Of the entries below, repeat exactly only those lines from the one containing "Effectively adding aria-label" through the last line, with pictures omitted.

* [Records from a dataset]:
****************

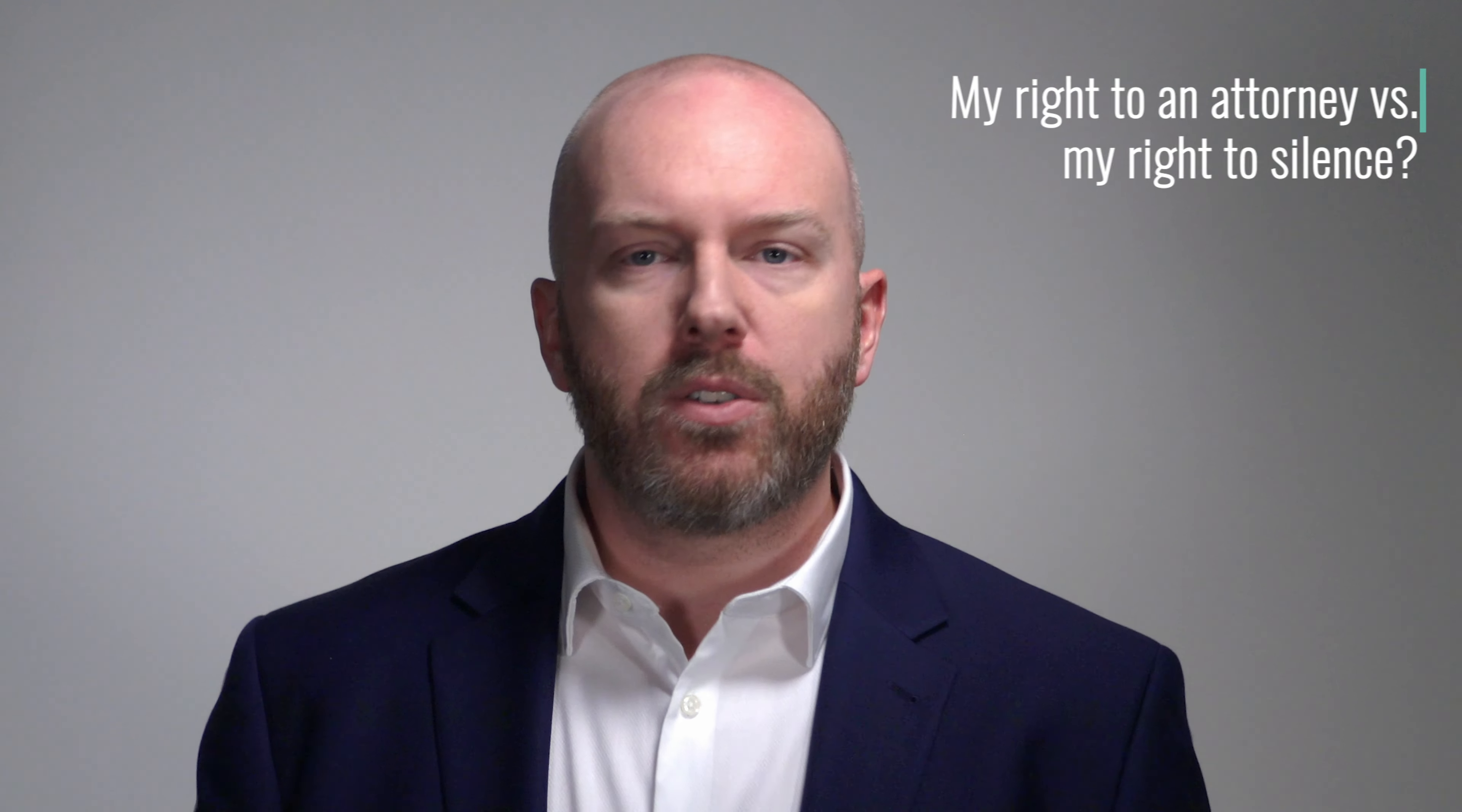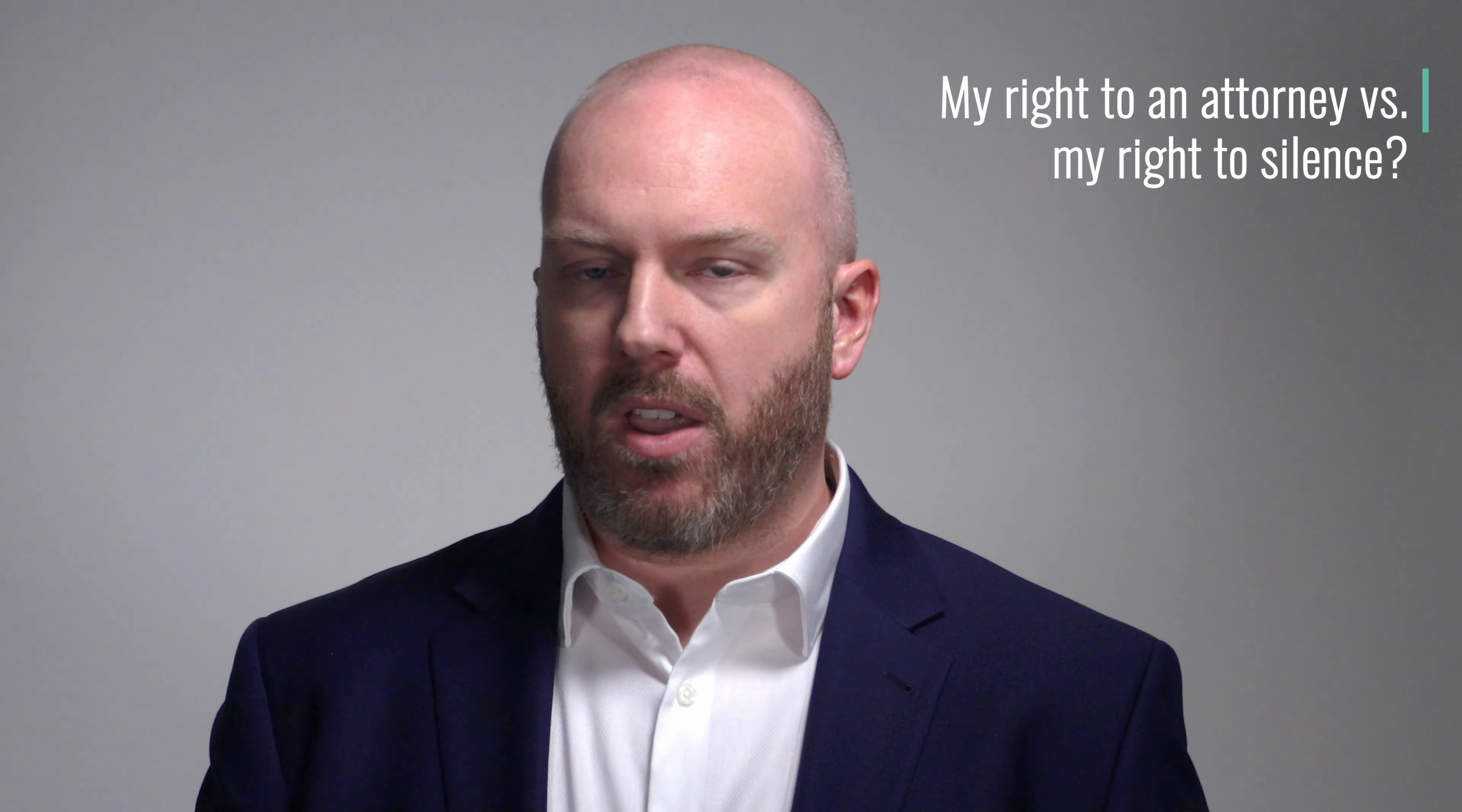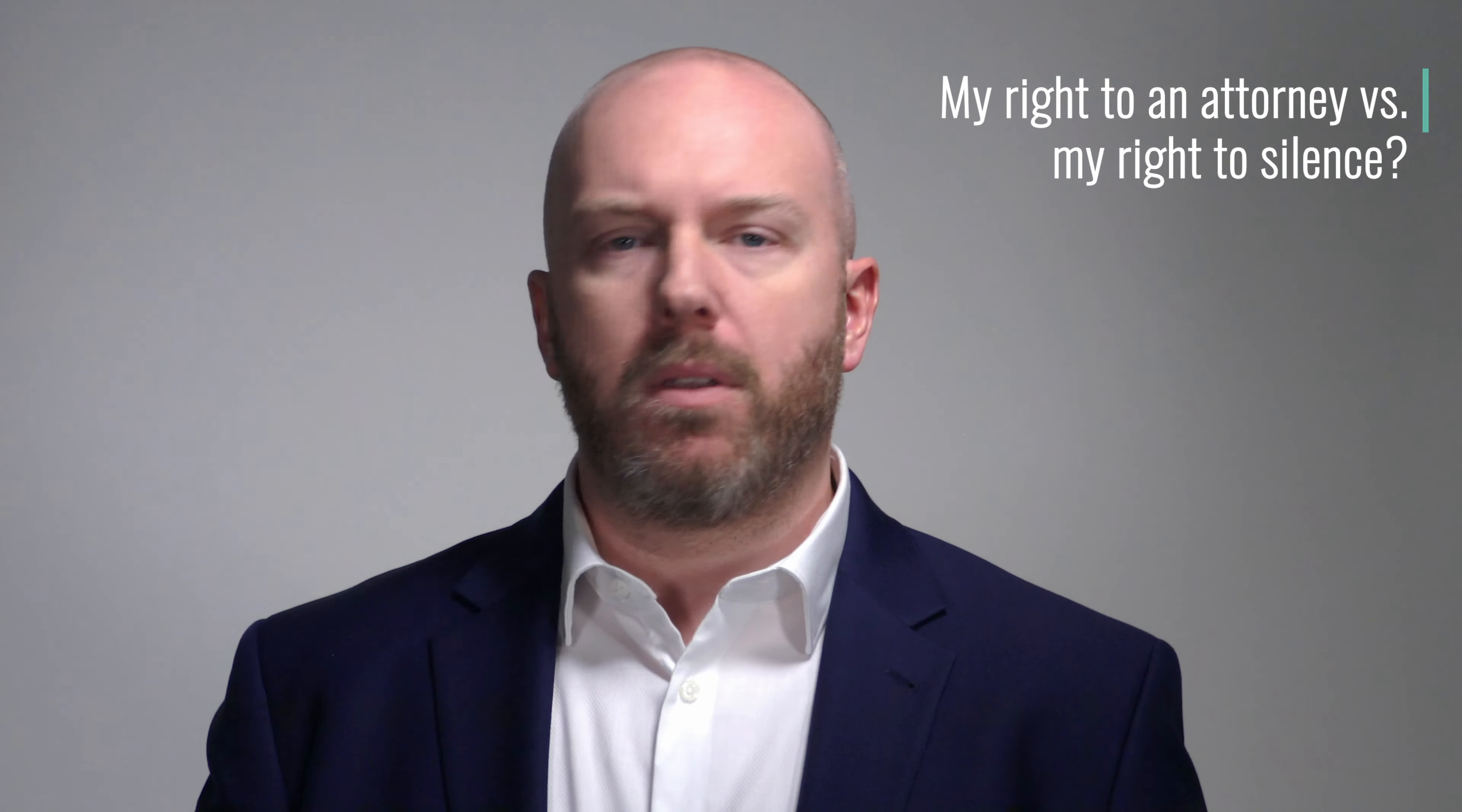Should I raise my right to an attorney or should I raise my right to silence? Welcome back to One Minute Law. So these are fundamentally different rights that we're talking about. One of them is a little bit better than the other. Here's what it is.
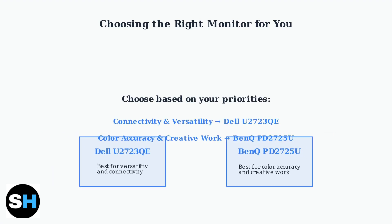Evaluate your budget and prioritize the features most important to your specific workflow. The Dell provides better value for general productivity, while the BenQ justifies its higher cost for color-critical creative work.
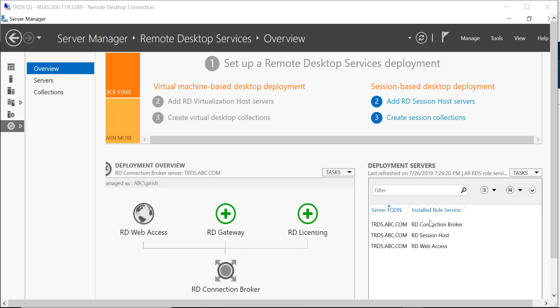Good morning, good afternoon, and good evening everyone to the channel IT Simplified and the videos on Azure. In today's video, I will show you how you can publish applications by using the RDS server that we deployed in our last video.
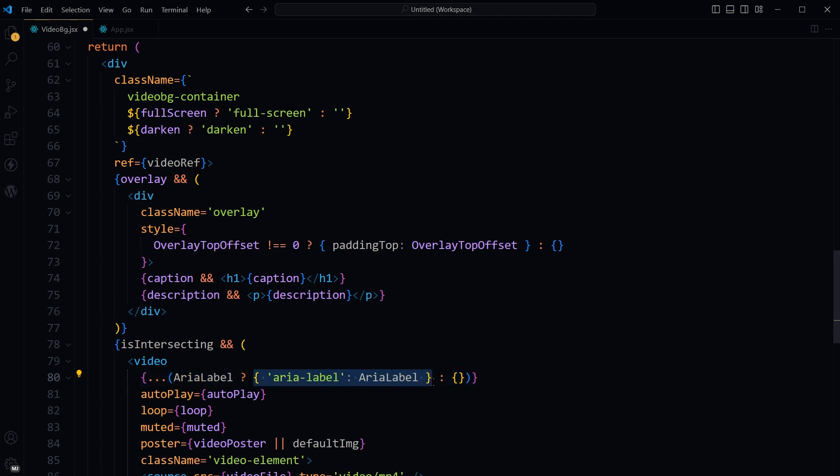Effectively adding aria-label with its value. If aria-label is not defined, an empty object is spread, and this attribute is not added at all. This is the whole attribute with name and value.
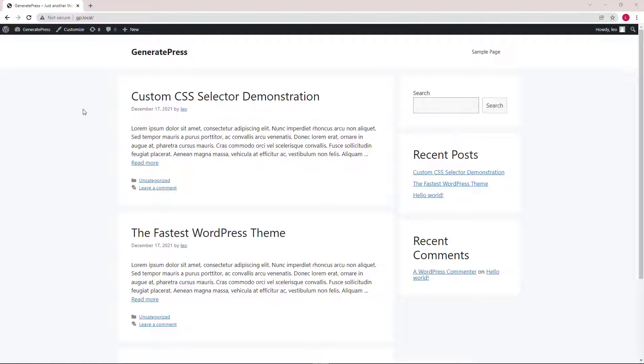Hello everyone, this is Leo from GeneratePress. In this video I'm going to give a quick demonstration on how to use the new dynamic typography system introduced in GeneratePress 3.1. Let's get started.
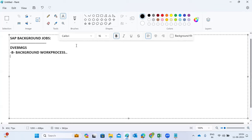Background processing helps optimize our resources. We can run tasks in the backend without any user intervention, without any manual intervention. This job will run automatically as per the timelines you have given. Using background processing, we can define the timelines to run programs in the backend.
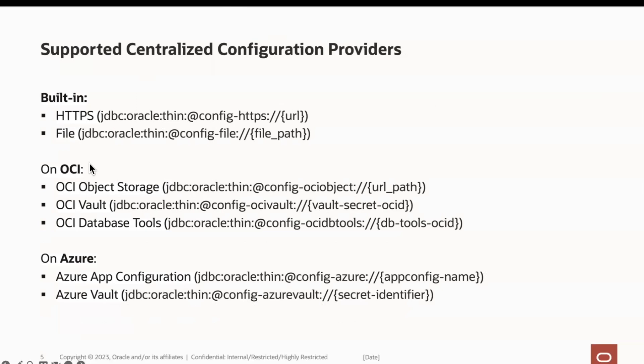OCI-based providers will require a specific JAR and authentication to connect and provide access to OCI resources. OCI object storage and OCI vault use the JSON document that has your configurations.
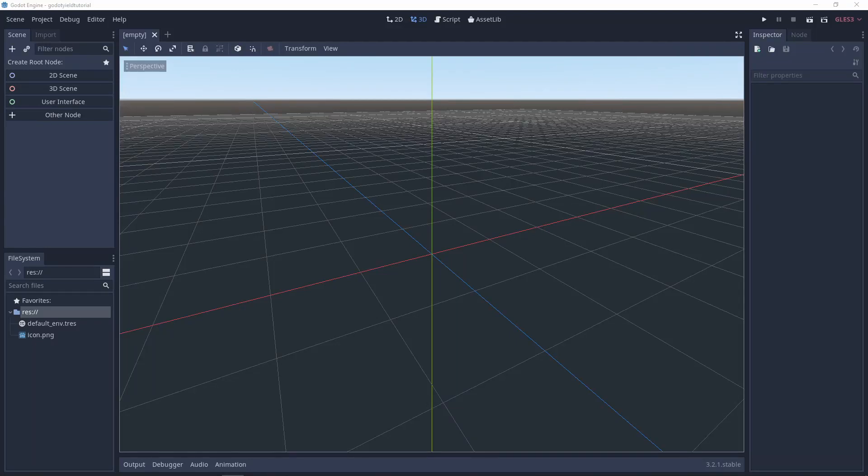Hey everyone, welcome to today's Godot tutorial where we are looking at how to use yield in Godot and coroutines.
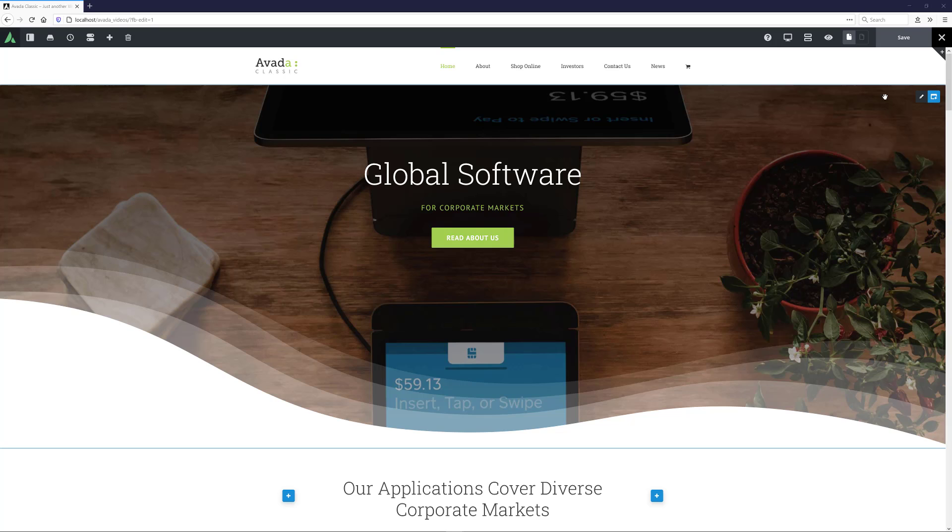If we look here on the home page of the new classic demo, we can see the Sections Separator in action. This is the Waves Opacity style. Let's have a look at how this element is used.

****************

* [Result of this exercise]:
Effectively adding aria-label with its value. If aria-label is not defined, an empty object is spread, and this attribute is not added at all. This is the whole attribute with name and value.
Hello everyone, this is Leo from GeneratePress. In this video I'm going to give a quick demonstration on how to use the new dynamic typography system introduced in GeneratePress 3.1. Let's get started.
Background processing helps optimize our resources. We can run tasks in the backend without any user intervention, without any manual intervention. This job will run automatically as per the timelines you have given. Using background processing, we can define the timelines to run programs in the backend.
OCI-based providers will require a specific JAR and authentication to connect and provide access to OCI resources. OCI object storage and OCI vault use the JSON document that has your configurations.
Hey everyone, welcome to today's Godot tutorial where we are looking at how to use yield in Godot and coroutines.
If we look here on the home page of the new classic demo, we can see the Sections Separator in action. This is the Waves Opacity style. Let's have a look at how this element is used.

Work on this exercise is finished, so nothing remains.